Seyla Benahabib’s The Rights of Others seeks to chart a new “cosmopolitan theory of justice” for migrants, immigrants, and refugees by building on the ideas of Kantian cosmopolitan federalism and Habermasian discourse ethics. Her theory of cosmopolitan rights leads, however, to a number of analytically and normatively problematic claims. These include her suggestion that the political values of liberal democracies have a universal validity that transcends Western culture, and her embrace of “free markets” as a corollary to the idea of cosmopolitan rights. In the article that follows I will critically examine these parts of Benahbib’s theory. My close reading of The Rights of Others will then lead to a discussion of the ideas of Wendell Berry, who is perhaps the most important contemporary spokesperson for a position best described as ecological or environmental agrarianism.

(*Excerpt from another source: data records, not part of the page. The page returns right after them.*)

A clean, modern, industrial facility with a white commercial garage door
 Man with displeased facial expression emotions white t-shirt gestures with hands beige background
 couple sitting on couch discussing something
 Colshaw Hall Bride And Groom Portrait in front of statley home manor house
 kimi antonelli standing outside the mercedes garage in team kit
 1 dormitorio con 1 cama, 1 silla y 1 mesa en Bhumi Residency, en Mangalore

Although Berry has not written directly about questions of international migration and refugee rights, his analysis of the forces at work in the destruction of rural farm communities in the United States offers valuable insights into the forces driving global mass migrations. Berry also offers a compelling alternative normative vision to Benhabib’s of the rights of others based on principles of stewardship, ecological sustainability, local self-sufficiency, and neighborliness. It is upon these essentially small-scale agrarian values and practices—not the abstractions of cosmopolitanism or “global thinking”—he argues, that the literal survival of the world depends.